What you have to do
The pictures are to be left out, and all remaining data is to be transcribed exactly as it appears.

Provided material
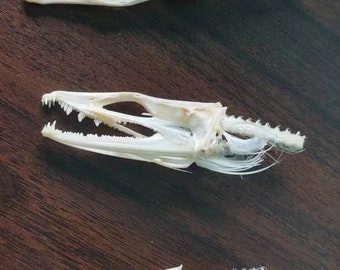 Natural Dead Conger cinereus Fish Skull Taxidermy,Fish skeleton Specimen Collection,  Biology Science Teacher Education Fish bone teet hh010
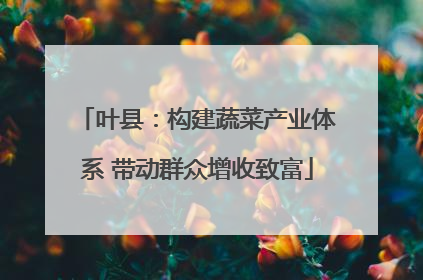 叶县：构建蔬菜产业体系 带动群众增收致富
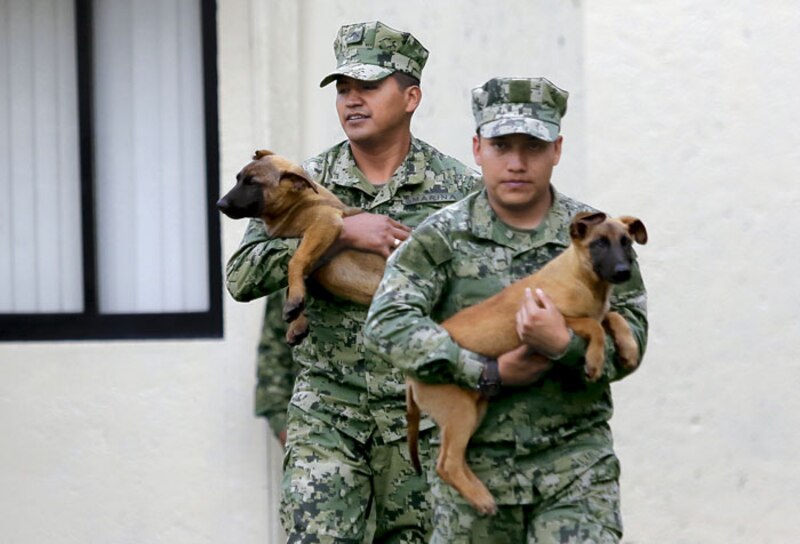 Marinos rescatan a cachorros atrapados en un incendio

Output
 Natural Dead Conger cinereus Fish Skull Taxidermy,Fish skeleton Specimen Collection,  Biology Science Teacher Education Fish bone teet hh010
 叶县：构建蔬菜产业体系 带动群众增收致富
 Marinos rescatan a cachorros atrapados en un incendio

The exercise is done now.